## Problem to solve
Nothing after the line with "Mygg med gissel [Maleri]" belongs in the copy; extract the lines below from the top through that line, pictures left out.

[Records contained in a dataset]
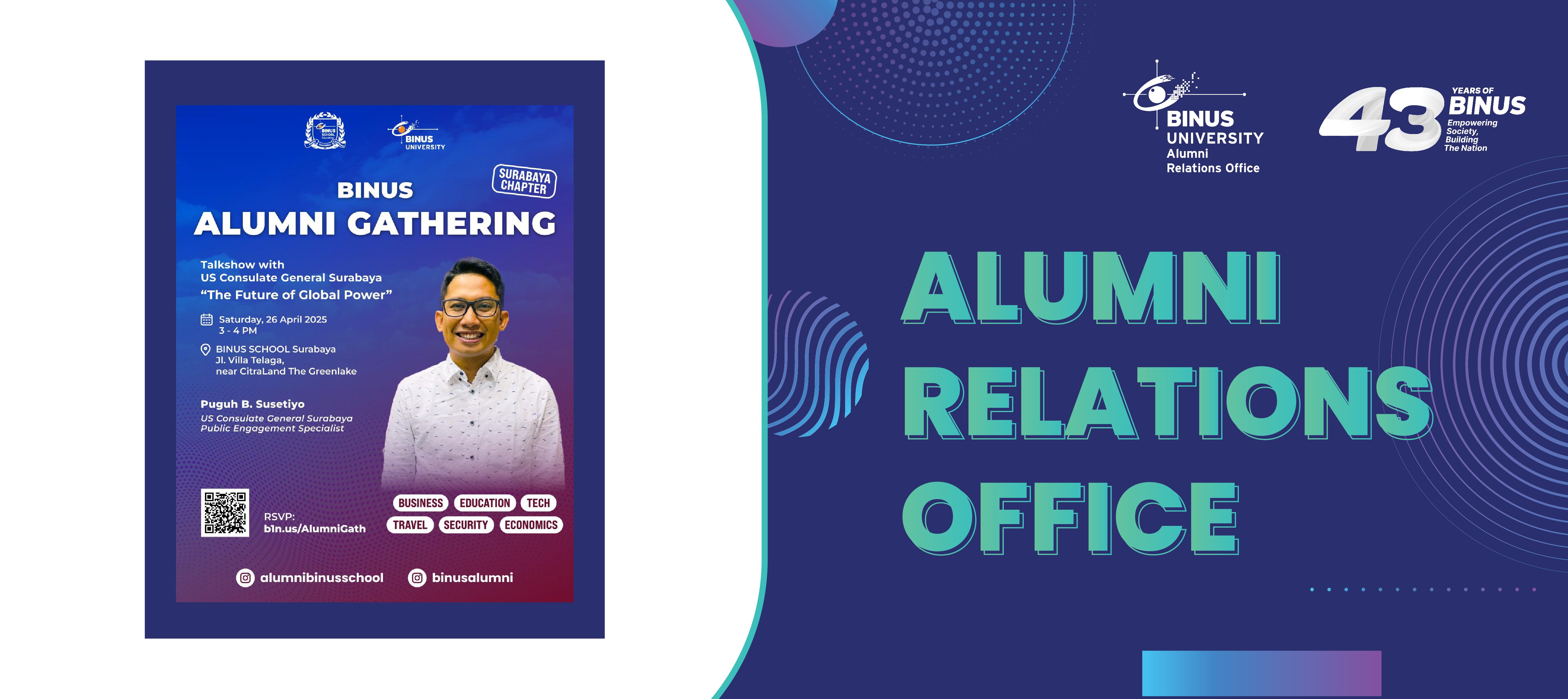 BINUS Alumni Gathering – Forge Connections. Foster Continuity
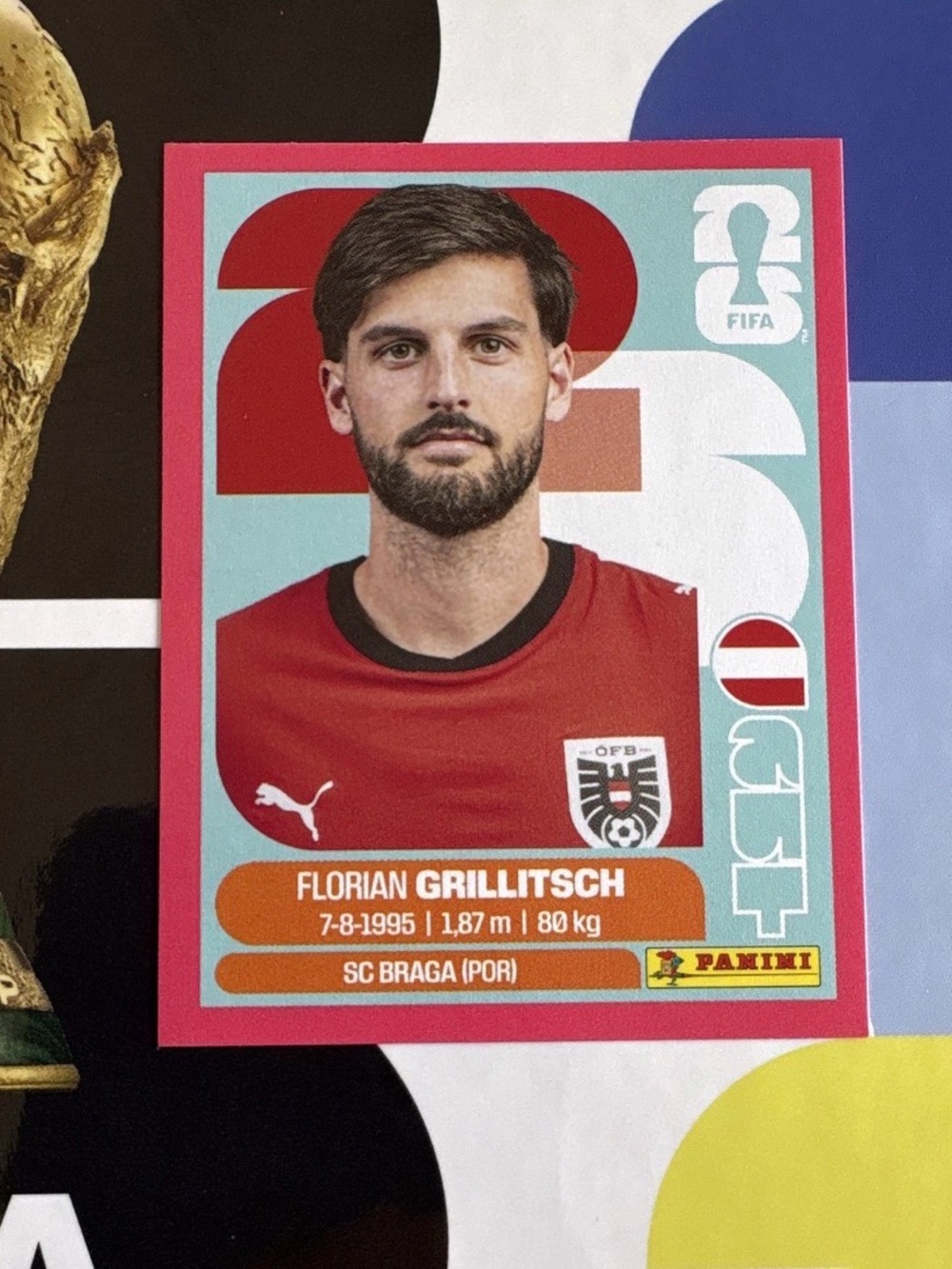 Panini FIFA World Cup 2026 Florian Grillitsch Austria AUT 14 Fuchsia Parallel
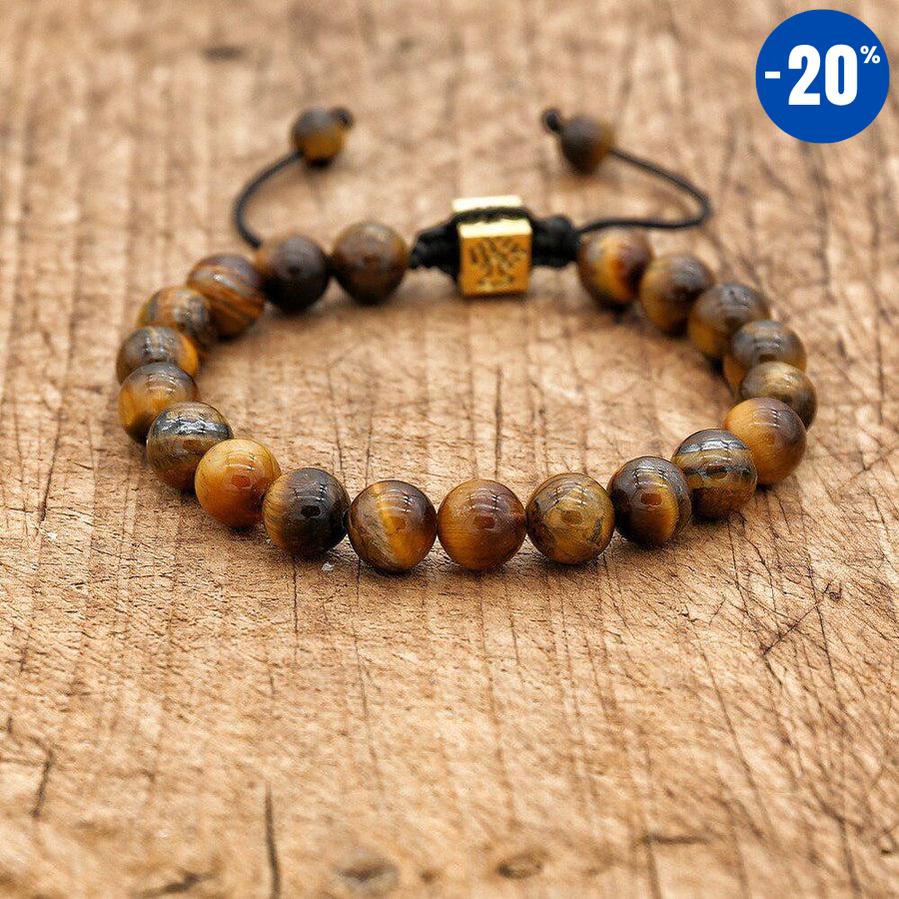 Bracelet Shamballa en oeil de Tigre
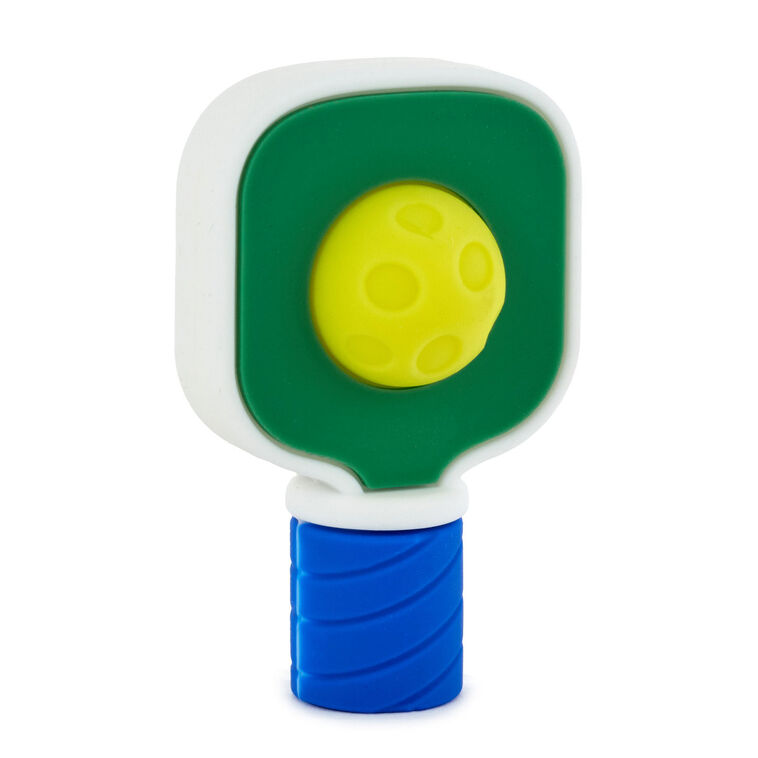 hallmark Charmers Pickleball Paddle and Ball Silicone Charm 2" H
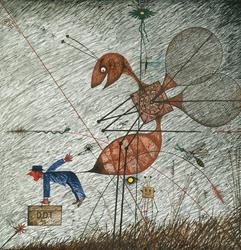 Mygg med gissel [Maleri]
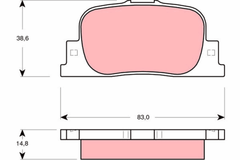 Bremsbelagsatz Scheibenbremse Hinterachse für TOYOTA CAMRY PRIUS Liftback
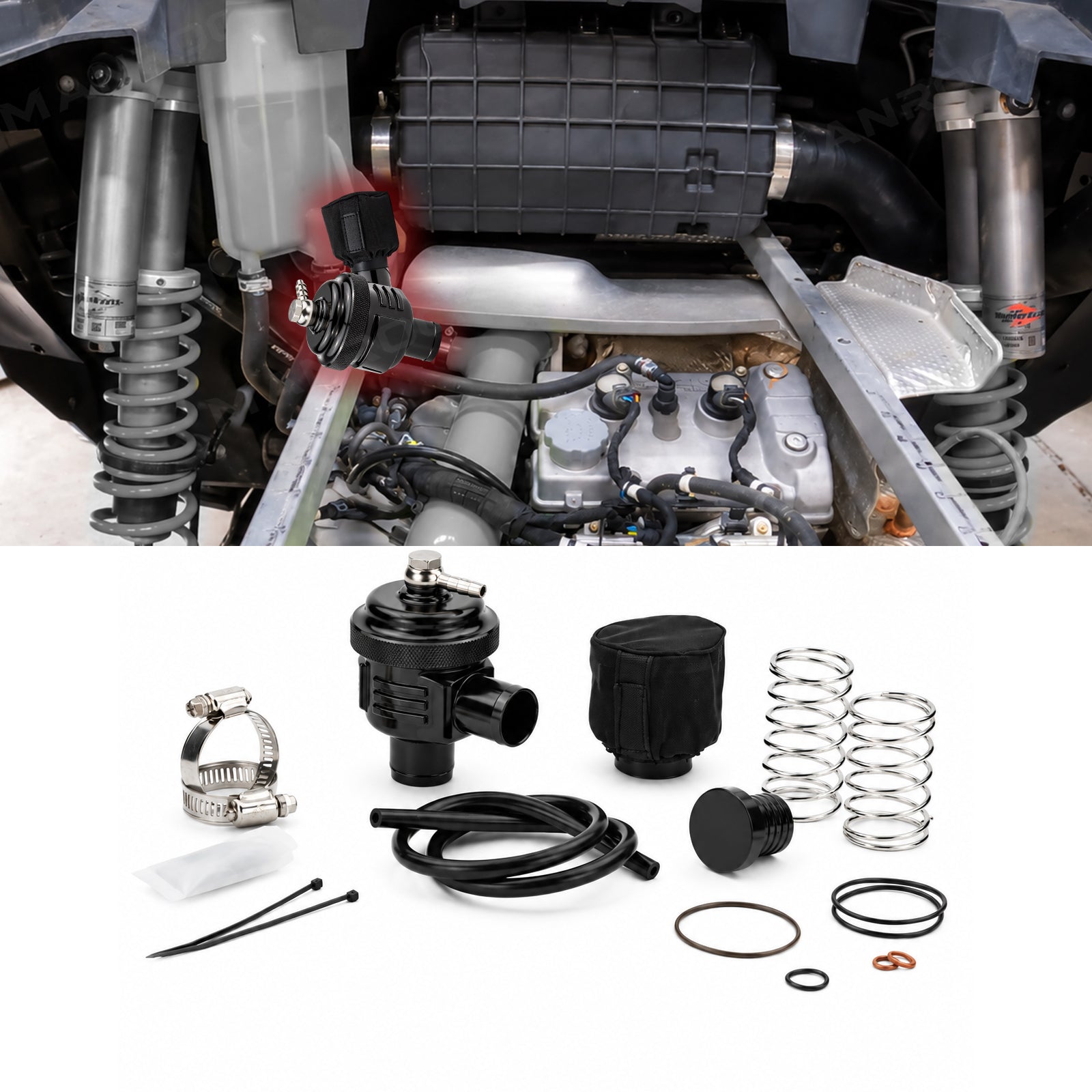 Blow Off Valves Aluminum Turbo BOV Kit for Polaris RZR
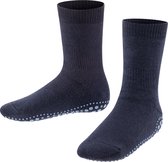 FALKE Catspads antislip noppen katoen merinowol huissokken kinderen blauw - Maat 35-38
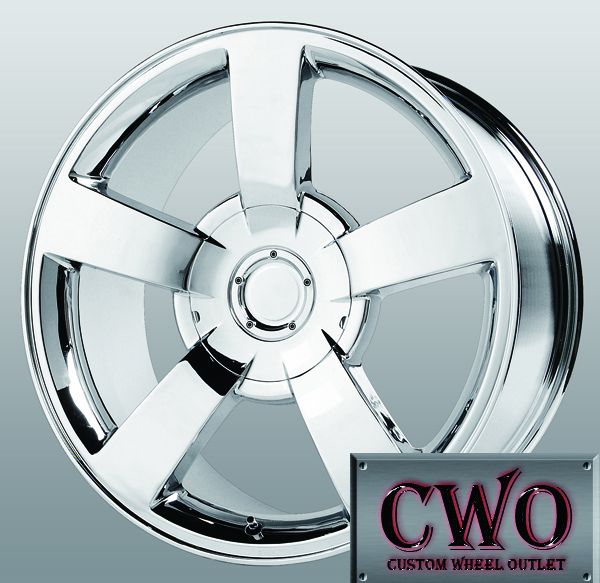 22 Chrome Replica Silverado SS Wheels 6x139 7 6 Lug Chevy GMC Titan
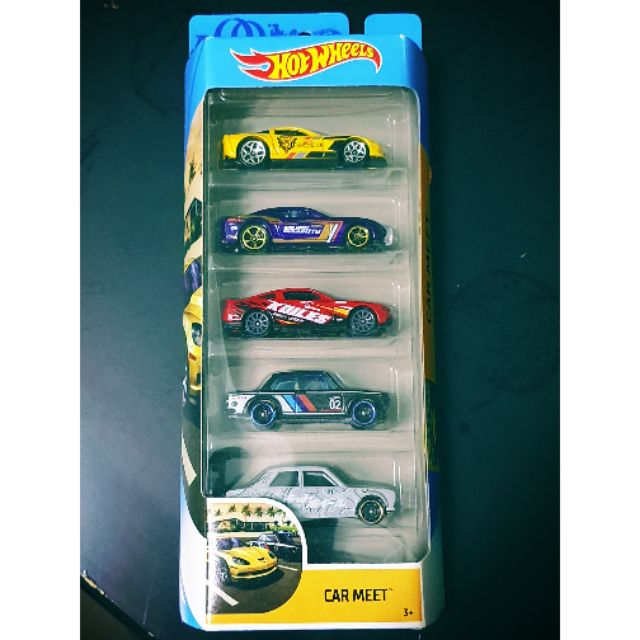 Hot wheels car meet 5 pack 2020 Shopee Malaysia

## Written reply
 BINUS Alumni Gathering – Forge Connections. Foster Continuity
 Panini FIFA World Cup 2026 Florian Grillitsch Austria AUT 14 Fuchsia Parallel
 Bracelet Shamballa en oeil de Tigre
 hallmark Charmers Pickleball Paddle and Ball Silicone Charm 2" H
 Mygg med gissel [Maleri]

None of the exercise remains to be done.